* The problem
Reproduce the data below in full and exclude every picture.
------------------------
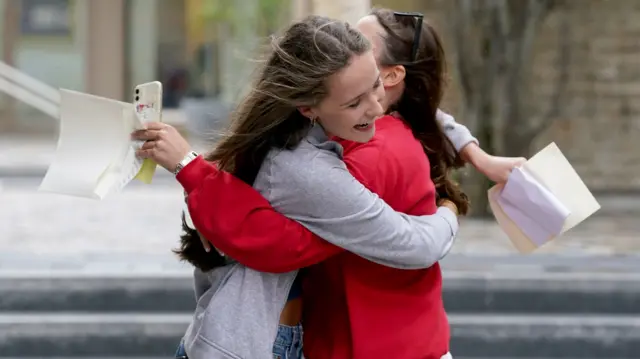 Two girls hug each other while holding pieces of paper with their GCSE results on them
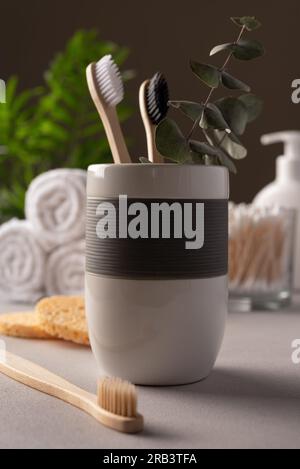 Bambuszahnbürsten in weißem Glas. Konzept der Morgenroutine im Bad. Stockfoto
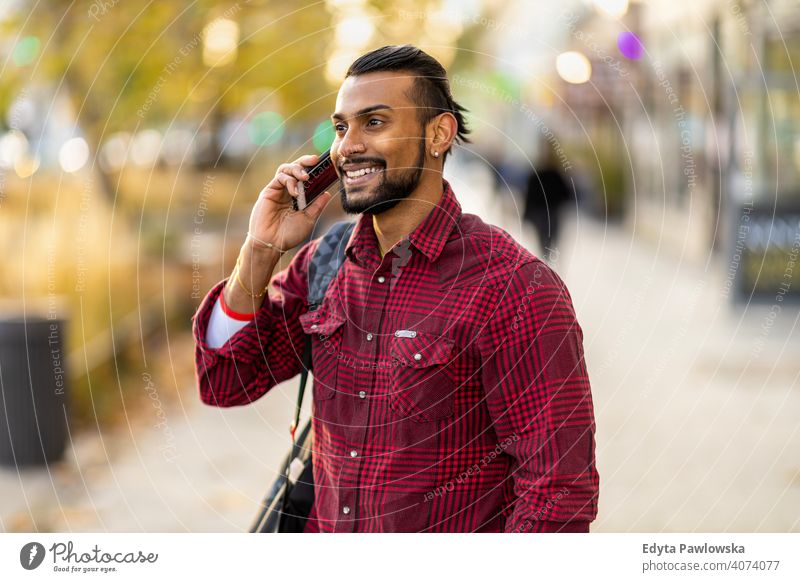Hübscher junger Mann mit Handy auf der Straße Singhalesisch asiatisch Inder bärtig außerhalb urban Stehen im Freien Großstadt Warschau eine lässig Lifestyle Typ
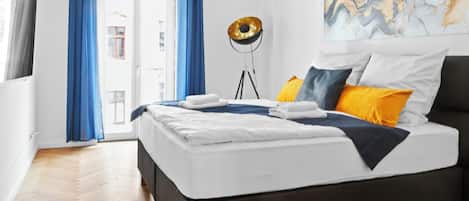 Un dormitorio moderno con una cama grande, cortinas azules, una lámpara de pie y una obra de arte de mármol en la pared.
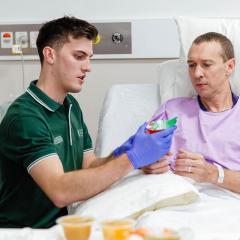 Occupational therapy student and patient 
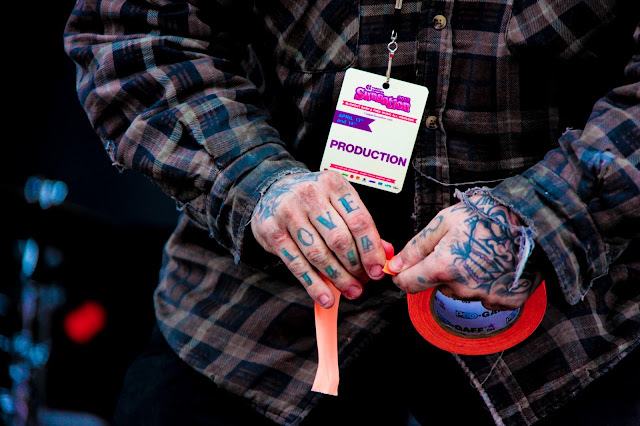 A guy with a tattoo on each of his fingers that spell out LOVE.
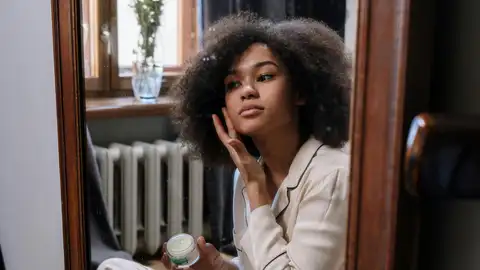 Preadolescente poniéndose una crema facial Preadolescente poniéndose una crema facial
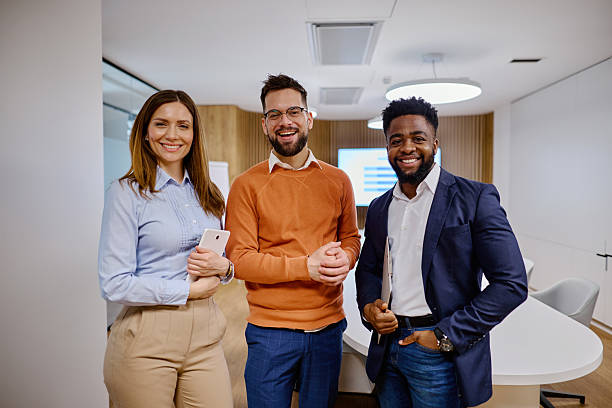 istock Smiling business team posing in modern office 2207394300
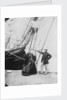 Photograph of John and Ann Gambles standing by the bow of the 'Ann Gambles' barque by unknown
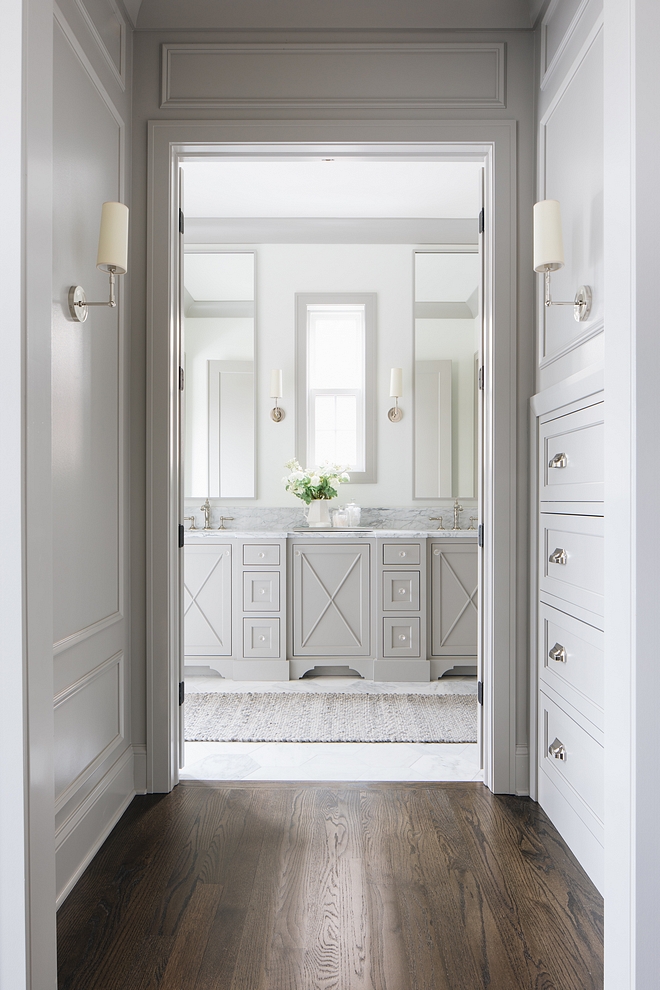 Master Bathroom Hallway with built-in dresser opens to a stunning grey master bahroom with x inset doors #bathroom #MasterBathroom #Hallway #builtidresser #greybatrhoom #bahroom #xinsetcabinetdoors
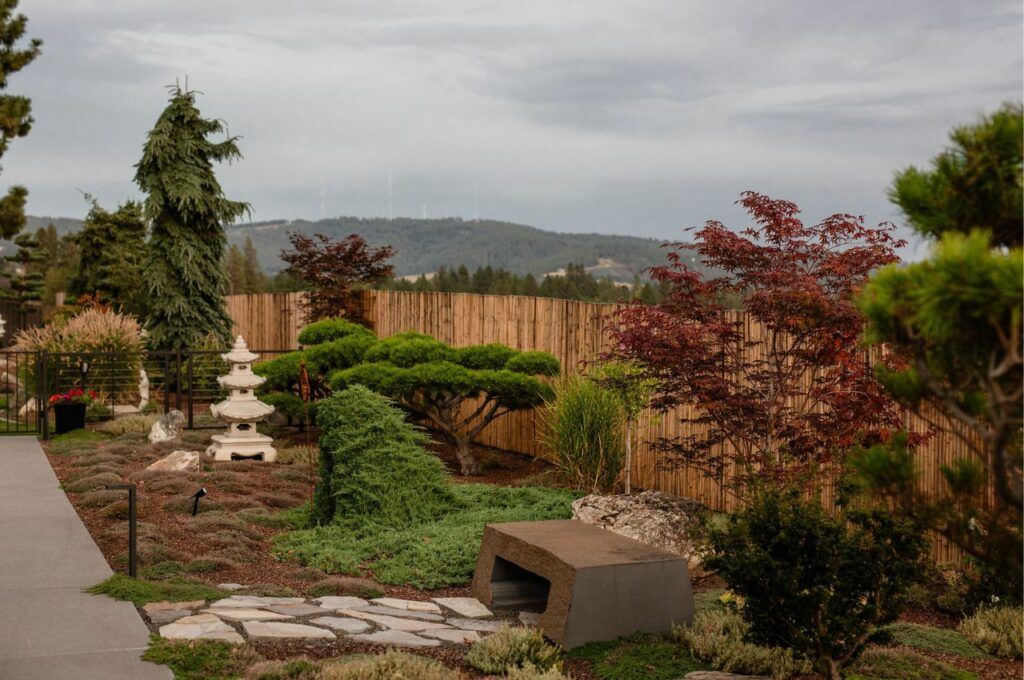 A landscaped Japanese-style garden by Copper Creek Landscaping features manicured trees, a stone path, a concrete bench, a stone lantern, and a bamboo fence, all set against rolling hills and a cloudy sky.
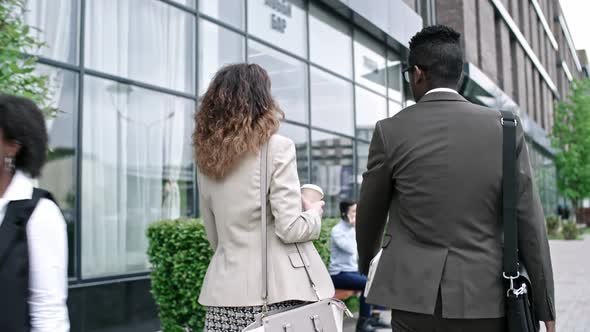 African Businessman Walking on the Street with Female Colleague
------------------------
* Answer box
 Two girls hug each other while holding pieces of paper with their GCSE results on them
 Bambuszahnbürsten in weißem Glas. Konzept der Morgenroutine im Bad. Stockfoto
Hübscher junger Mann mit Handy auf der Straße Singhalesisch asiatisch Inder bärtig außerhalb urban Stehen im Freien Großstadt Warschau eine lässig Lifestyle Typ
 Un dormitorio moderno con una cama grande, cortinas azules, una lámpara de pie y una obra de arte de mármol en la pared.
 Occupational therapy student and patient 
 A guy with a tattoo on each of his fingers that spell out LOVE.
 Preadolescente poniéndose una crema facial Preadolescente poniéndose una crema facial
 istock Smiling business team posing in modern office 2207394300
 Photograph of John and Ann Gambles standing by the bow of the 'Ann Gambles' barque by unknown
 Master Bathroom Hallway with built-in dresser opens to a stunning grey master bahroom with x inset doors #bathroom #MasterBathroom #Hallway #builtidresser #greybatrhoom #bahroom #xinsetcabinetdoors
 A landscaped Japanese-style garden by Copper Creek Landscaping features manicured trees, a stone path, a concrete bench, a stone lantern, and a bamboo fence, all set against rolling hills and a cloudy sky.
 African Businessman Walking on the Street with Female Colleague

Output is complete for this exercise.